───── Given data ─────

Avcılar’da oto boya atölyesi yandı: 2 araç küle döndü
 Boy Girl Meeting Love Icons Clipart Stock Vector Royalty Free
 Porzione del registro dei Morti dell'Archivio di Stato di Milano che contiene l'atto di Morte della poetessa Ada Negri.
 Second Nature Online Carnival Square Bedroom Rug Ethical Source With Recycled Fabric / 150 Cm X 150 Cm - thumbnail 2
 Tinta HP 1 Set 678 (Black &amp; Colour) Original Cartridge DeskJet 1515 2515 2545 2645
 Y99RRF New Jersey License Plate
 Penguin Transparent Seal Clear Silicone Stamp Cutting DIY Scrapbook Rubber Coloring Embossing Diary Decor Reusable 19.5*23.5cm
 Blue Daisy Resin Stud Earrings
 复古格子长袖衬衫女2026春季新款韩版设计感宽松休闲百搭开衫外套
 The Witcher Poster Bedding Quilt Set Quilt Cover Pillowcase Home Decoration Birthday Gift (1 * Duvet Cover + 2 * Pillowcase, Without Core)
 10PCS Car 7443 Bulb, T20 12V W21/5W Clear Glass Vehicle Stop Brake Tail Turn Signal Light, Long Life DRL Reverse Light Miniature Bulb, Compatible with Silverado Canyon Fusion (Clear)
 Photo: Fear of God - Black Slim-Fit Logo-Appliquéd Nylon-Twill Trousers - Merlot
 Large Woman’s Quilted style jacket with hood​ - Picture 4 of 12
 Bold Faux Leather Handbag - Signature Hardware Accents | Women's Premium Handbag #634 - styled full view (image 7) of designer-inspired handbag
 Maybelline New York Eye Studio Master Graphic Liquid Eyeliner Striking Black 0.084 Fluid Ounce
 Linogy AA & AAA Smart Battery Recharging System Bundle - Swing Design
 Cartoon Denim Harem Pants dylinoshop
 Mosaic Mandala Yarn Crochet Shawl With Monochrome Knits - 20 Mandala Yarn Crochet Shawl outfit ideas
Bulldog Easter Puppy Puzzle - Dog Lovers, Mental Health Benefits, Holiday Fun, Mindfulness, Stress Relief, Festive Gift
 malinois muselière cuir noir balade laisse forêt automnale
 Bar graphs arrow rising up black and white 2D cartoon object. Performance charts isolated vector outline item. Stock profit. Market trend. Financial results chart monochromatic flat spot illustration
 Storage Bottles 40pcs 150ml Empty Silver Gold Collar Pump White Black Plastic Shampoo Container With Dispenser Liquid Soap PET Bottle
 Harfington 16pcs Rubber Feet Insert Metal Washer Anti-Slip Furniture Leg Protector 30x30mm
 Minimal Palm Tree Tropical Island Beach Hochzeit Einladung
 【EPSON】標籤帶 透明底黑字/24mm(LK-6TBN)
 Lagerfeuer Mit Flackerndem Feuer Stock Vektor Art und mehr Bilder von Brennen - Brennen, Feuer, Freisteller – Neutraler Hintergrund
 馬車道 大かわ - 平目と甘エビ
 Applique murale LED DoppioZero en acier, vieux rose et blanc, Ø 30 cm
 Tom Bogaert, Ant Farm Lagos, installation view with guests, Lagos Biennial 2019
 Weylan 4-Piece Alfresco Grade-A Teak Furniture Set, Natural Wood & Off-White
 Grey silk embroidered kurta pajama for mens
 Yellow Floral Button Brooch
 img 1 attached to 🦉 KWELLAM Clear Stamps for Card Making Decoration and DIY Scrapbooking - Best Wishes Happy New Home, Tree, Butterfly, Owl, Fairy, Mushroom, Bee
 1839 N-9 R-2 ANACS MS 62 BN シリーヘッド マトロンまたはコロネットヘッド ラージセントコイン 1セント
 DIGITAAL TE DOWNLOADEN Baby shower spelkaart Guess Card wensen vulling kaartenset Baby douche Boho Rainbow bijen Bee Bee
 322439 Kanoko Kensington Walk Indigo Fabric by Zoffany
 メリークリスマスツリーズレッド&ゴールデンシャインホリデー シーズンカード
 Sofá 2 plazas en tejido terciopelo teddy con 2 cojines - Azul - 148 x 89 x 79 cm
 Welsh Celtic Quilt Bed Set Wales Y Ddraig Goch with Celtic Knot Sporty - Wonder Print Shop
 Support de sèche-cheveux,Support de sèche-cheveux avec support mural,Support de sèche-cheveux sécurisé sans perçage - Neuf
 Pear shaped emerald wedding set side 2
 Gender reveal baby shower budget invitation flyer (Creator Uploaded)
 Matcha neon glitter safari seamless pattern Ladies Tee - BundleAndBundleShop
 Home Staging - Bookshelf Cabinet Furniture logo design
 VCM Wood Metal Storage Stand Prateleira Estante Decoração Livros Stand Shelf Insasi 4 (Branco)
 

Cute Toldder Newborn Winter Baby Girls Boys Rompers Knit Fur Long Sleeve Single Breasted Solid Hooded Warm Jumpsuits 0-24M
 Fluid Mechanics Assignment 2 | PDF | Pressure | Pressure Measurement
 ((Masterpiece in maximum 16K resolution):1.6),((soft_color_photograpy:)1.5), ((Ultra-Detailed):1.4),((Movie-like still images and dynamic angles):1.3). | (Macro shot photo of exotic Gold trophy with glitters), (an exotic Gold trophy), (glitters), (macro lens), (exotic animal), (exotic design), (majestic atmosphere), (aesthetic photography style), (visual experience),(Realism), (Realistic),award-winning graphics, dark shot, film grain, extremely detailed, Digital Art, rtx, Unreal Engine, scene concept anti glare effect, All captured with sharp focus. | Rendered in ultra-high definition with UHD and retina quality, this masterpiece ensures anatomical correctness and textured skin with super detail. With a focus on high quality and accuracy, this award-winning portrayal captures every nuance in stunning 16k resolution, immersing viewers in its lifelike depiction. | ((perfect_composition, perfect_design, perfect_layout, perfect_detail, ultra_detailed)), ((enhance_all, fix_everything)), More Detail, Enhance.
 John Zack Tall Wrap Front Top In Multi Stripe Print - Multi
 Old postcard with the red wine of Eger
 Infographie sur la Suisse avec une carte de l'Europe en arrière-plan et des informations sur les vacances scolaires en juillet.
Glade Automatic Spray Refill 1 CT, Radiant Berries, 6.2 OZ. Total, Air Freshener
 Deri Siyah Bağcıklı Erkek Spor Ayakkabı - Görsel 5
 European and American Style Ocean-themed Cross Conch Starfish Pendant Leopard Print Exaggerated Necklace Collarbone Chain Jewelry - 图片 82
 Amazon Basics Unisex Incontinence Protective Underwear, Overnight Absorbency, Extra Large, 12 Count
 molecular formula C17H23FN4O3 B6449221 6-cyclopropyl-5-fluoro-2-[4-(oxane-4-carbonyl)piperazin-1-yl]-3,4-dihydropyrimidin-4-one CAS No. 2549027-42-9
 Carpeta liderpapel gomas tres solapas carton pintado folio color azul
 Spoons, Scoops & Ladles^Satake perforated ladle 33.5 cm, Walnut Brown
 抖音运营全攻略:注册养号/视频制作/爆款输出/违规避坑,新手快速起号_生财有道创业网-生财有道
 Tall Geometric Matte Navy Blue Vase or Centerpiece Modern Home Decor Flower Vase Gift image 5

─────

- Problem description
Write out exactly the lines that fall from the line with "Matcha neon glitter" to the line with "Fluid Mechanics Assignment" in the records above, keeping both ends.

- Task output
 Matcha neon glitter safari seamless pattern Ladies Tee - BundleAndBundleShop
 Home Staging - Bookshelf Cabinet Furniture logo design
 VCM Wood Metal Storage Stand Prateleira Estante Decoração Livros Stand Shelf Insasi 4 (Branco)
 

Cute Toldder Newborn Winter Baby Girls Boys Rompers Knit Fur Long Sleeve Single Breasted Solid Hooded Warm Jumpsuits 0-24M
 Fluid Mechanics Assignment 2 | PDF | Pressure | Pressure Measurement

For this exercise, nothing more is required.